The last shipment of bulbs has finally arrived and I made a Halloween resolution to lie about my zone when I order next year. It’s not that I think it’s too late to plant them; it’s just a little more pleasant to plant in warmer temps. John Scheepers and Brent & Becky’s think I should plant in November; I’d rather plant in October. It’s that simple. They might be right, but it really doesn’t matter. Bulbs are easy and most of the things people think must or must not be done with them are nonissues.
-Fertilization. Never use it, ever. I do throw compost over them, but that’s only because I probably didn’t plant them deep enough and it’s easier to build up than dig down. Unless soil testing has demonstrated a lack, why bother with stinky bone meal?
-Timing. Best to plant when you get them, but if you can get a shovel in, plant them then. It’s never too late, right through midwinter.
-Spacing. Here’s where many might disagree, but I feel these look better in big, dense plantings, especially hybrids. The small species tulips and other diminutive bulbs look okay in smaller clumps. In any case, there is no way I am worrying about bulb spacing.
-Return. I do not expect most hybrid tulips to return, and I’m fine with that. I use them in pots or in big groups that are replaced each year. Bad things can happen to any type of bulb, so I replant some quantity of the types I like every year.
However, some things do count, and the most important of these is bulb quality. I have found that “topsize” is not just a marketing term; the bulbs I get from the mail order houses I use are significantly larger than what I see in big box stores. I can’t speak for poorly rated mail order houses because I’ve never ordered from them. The Garden Watchdog site (hosted by Dave’s Garden) has its flaws, like most crowd-sourced ratings sites, but is reliable on the whole.

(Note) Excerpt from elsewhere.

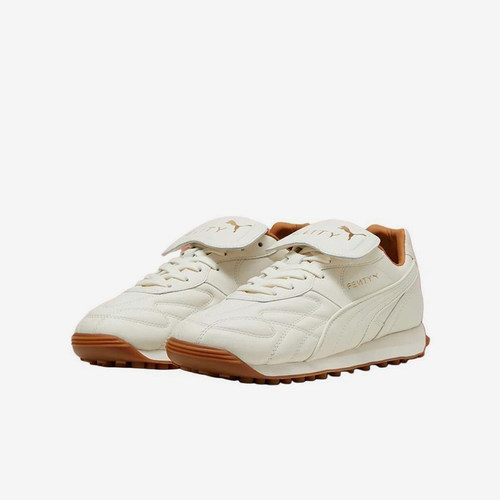 Puma/彪马正品四季款小童低帮轻便透气防滑跑步鞋398983-02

Another reason to use the houses I use is that they have a wide range of species tulips and miniature daffodils; these wildflower-looking varieties are best for naturalizing in my garden (in as much as any bulb will).
I think we often expect too much out of plants. For the shout of color, beauty, and renewal that spring-blooming bulbs provide, I don’t feel as though I need them to last longer than a few seasons. When they do, I’m pleasantly surprised.